100,000 Tonnes a Year: ACME's Paradip Plant to Supply Mitsubishi Gas Chemical
As EU and IMO marine fuel rules tighten, an Indian producer has signed a binding, revenue-backed export contract rather than another decarbonisation pledge.
ACME Green Molecules Business has agreed to supply Japan's Mitsubishi Gas Chemical Company (MGC) with 100,000 tonnes of RFNBO-compliant green methanol annually, under a long-term purchase and sale agreement valued at roughly $1 billion. The methanol will be produced at ACME's 200 KTPA facility under development in Paradip, Odisha.
A Binding Contract, Not a Pilot MOU
Shipping is the sector under the sharpest near-term pressure to decarbonise: the EU's FuelEU Maritime rules and the IMO's evolving carbon-intensity framework both push operators toward low-carbon marine fuels on a fixed compliance timeline. Green methanol, produced from renewable electricity and green hydrogen, is one of the few substitutes for heavy fuel oil that requires only modest retrofitting of existing ships and port infrastructure. What separates this deal from the announcements that typically populate this beat is contractual weight: it is a binding long-term supply agreement, not a memorandum of understanding, and it is priced and volumed for commercial fuel markets rather than a demonstration cargo.
Deal Terms and the Wider Odisha Build-out
The contract locks in 100,000 tonnes of green methanol a year, meeting the RFNBO standard that qualifies it under EU and prospective IMO rules.
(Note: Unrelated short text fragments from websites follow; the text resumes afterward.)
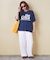 32/-OE天竺 ロゴプリント Tシャツ
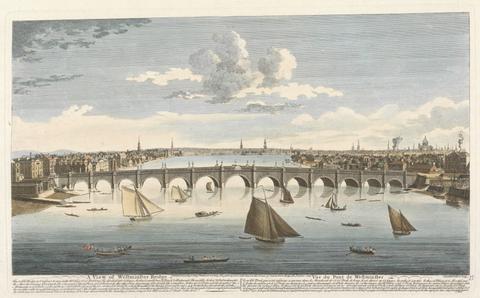 John Boydell A View of Westminster Bridge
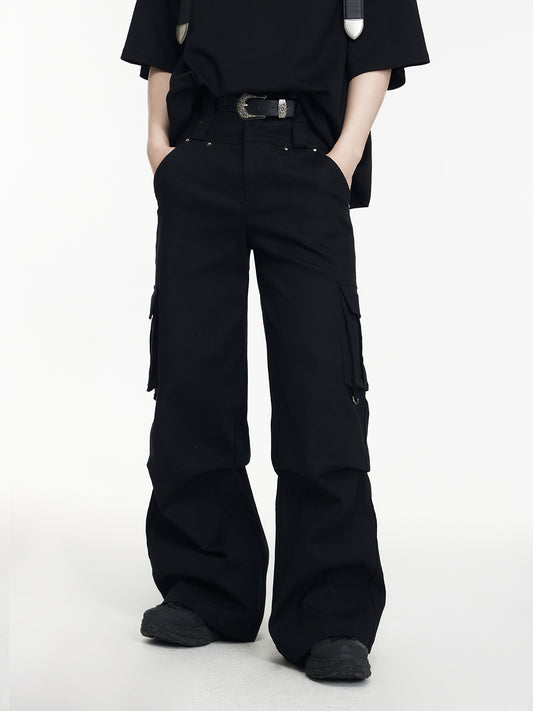 Double waist pants P073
It is ACME's third major commitment in Odisha, alongside a 405,000 tonne-per-annum green ammonia plant at Gopalpur, developed jointly with Japan's IHI Corporation, and an 800,000 tonne-per-annum green ammonia facility at Paradip backed by a SECI offtake agreement under the SIGHT scheme's Mode-2A, Tranche-I, aimed at India's fertiliser sector. ACME has also signed offtake agreements with Yara International, IFFCO, Paradeep Phosphates, Coromandel International and Indorama India, and says it is extending its Green Molecules footprint into Oman.
So What: A Benchmark, With Execution Risk Attached
For India's green hydrogen derivatives industry, this contract functions as a reference point other Indian producers, Avaada, Greenko, and ReNew among them, will be measured against when they pursue their own international offtake deals. It signals that shipping's decarbonisation demand does not have to be met by European or Middle Eastern suppliers alone. The unresolved question is execution: the contract is forward-dated to a facility that is still under construction, and India's green hydrogen sector has a mixed record on hitting stated commissioning timelines. The deal's commercial logic depends on Paradip coming online on schedule, at the volumes and carbon intensity now written into a binding contract.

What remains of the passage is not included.